|Our funeral rose
Dad's letting go of the car Nonni gave him when she moved out of her house and stopped driving. It's death was timely and untimely both. Certainly old enough to retire, but so close to the loss of its owner?
The winter birds have come. The juncoes flock to the patio to clean up the seed that falls from the feeder when the bigger birds come to dine. Papa cardinal, Nonni's favorite, makes a daily appearance. The scaups and gulls have arrived at the pond, but this year I won't be calling to tell her so.
Nor that I made the first batch of toffee and will send her some as soon as possible.
And so we grieve. We think the tears are subsiding, and then something prods the still-raw wound and we have a soggy day that seems to come out of nowhere.

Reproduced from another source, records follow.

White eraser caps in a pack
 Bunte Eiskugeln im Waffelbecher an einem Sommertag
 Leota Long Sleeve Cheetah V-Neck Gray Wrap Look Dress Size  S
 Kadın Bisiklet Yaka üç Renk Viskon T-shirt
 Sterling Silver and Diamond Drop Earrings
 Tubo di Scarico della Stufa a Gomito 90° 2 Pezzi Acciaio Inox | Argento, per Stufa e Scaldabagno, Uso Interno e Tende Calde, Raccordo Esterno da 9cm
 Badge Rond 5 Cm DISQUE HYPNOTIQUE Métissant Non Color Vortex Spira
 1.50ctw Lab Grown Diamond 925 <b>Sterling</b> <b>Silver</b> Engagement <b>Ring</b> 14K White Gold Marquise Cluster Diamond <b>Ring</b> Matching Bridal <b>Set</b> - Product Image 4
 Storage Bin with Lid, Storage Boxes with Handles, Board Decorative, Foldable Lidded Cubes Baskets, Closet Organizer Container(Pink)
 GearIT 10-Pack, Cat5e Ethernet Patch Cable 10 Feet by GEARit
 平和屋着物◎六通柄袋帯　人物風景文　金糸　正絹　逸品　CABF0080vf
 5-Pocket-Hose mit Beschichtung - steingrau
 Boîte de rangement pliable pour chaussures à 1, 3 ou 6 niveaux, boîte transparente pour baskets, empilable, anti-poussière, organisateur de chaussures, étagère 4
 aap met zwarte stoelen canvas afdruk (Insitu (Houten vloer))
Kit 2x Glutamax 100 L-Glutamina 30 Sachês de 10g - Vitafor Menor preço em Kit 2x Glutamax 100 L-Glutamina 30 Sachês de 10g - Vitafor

Yet in the tears and in the firsts, I remember the words Nancy Leigh DeMoss quoted on the radio, words I didn't need at the time but squirreled away for the day I would:
"As Christians, we do not grieve without hope,
but neither do we hope without grief."
|graphic and photo courtesy of Quozio.com
The key lies in the 1 Thessalonians passage which began this post, and in its cousin in 1 Corinthians 15. The apostle Paul acknowledges the Thessalonians' sorrow for their fellow believers who had died (or "fallen asleep"). He doesn't tell them to keep a stiff upper lip and dry their tears. At the same time, he exhorts them "not to grieve as others do who have no hope."
The Christian grieving the death of a Christian has hope, even in the loss, because the Christian has the sure and certain promise of a reunion with those who have died knowing and trusting Christ. Because of the death and resurrection of Jesus, all who know Christ will be "together with Him" and "always with the Lord" when He returns.
So we grieve, but we grieve with hope. Beth Moore captures the paradox in her recent study Children of the Day, which examines the Thessalonian epistles:
Grief is the sacred love seat where we fellowship acutely in the sufferings of Christ. We are not glad to be drawn to that seat, but there we find Him if we're willing. Oddly, we also find a faith beyond what we thought we'd lost....
To the degree we have loved, we often mourn; but we can be whole again piece by piece if we accept what 1 Thessalonians 4:13 holds in its other hand.
If one hand of solace holds permission to grieve, the other hand contains insistence of hope....
Life can be painful here. Loss is inevitable. So let us grieve when we must, but God forbid that we grieve as the hopeless do. In His hands, we find solace. In His heart, we find rest. In His time, we find meaning. In His eyes, we are blessed. In His strength, we're made mighty. In His light, morning breaks. In His Word, He has promised. In His coming, sleepers wake" (Children of the Day, 104-105).Advent, the present season of the church year, both completes and begins the circle of the liturgical calendar. It looks back in remembrance to the birth of Christ and leans forward to His coming again. This December my family is leaning forward more earnestly than we were 12 months ago. This is not a bad thing. An uncomfortable thing, surely, but not ultimately bad. We have confidence that someday, when we see Jesus face to face, we will also see and enjoy fellowship with not only Nonni but all our loved ones who have fallen asleep in Him. Even some loved ones we've never met save through paper and ink or pixels on a screen.
Even in loss, we can light the hope candle on the Advent wreath because for the Christian, death is not "good-bye" but "ta-ta for now." Our blessed hope draws nearer by the day, and then there will be no more death, no more tears. Sorrow and sighing shall flee away.
And we will always, always be with the Lord.